Activity:
Return the stretch from the line with "Sinh nhật đáng" through the line with "الدفاع المدني: انتشال" in the data below, character for character, skipping all pictures.

Available data:
====================

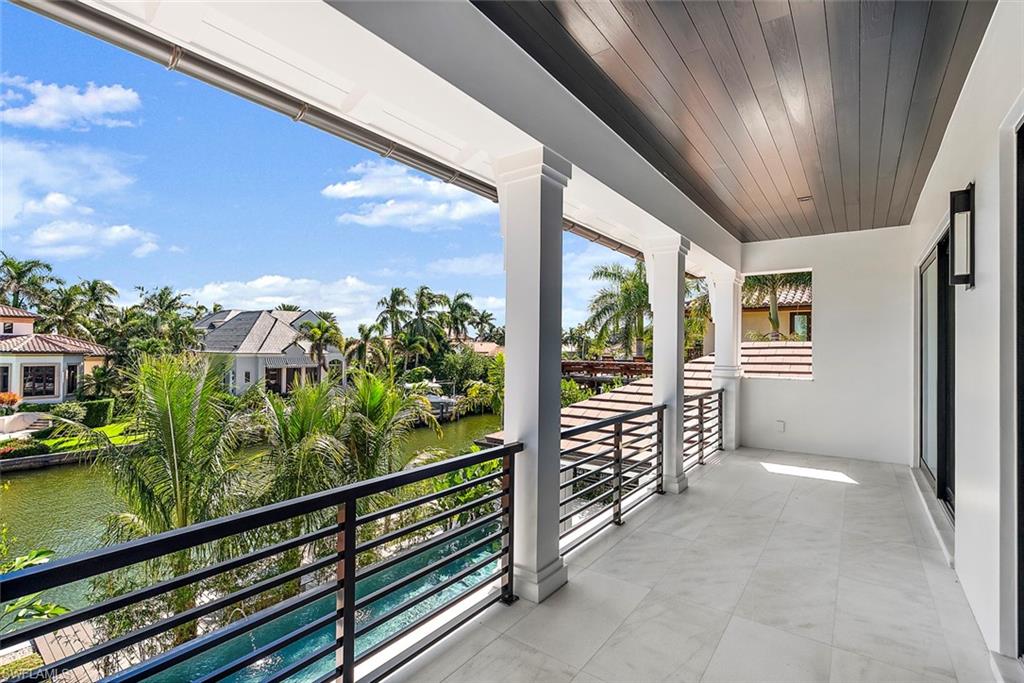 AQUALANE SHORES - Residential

====================

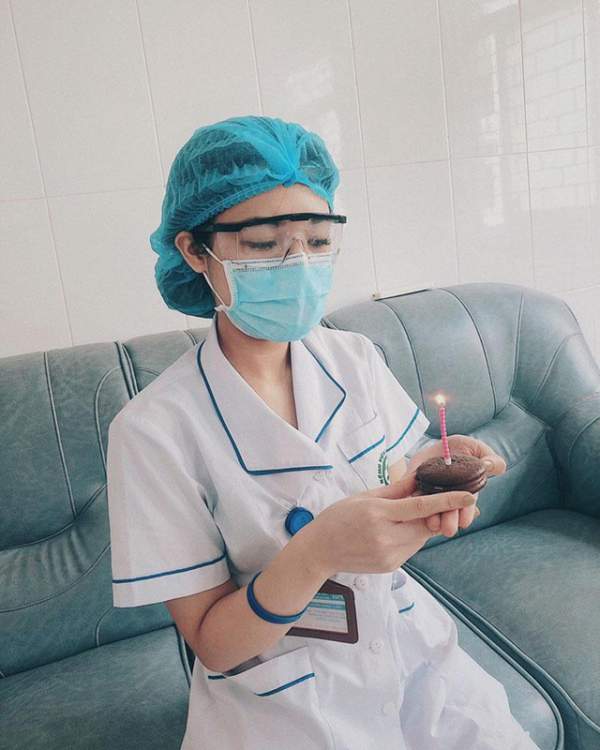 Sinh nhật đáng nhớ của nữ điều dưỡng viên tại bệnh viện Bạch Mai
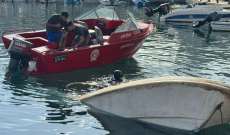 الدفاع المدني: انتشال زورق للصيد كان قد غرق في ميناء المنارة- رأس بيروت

====================

Task answer:
 Sinh nhật đáng nhớ của nữ điều dưỡng viên tại bệnh viện Bạch Mai
 الدفاع المدني: انتشال زورق للصيد كان قد غرق في ميناء المنارة- رأس بيروت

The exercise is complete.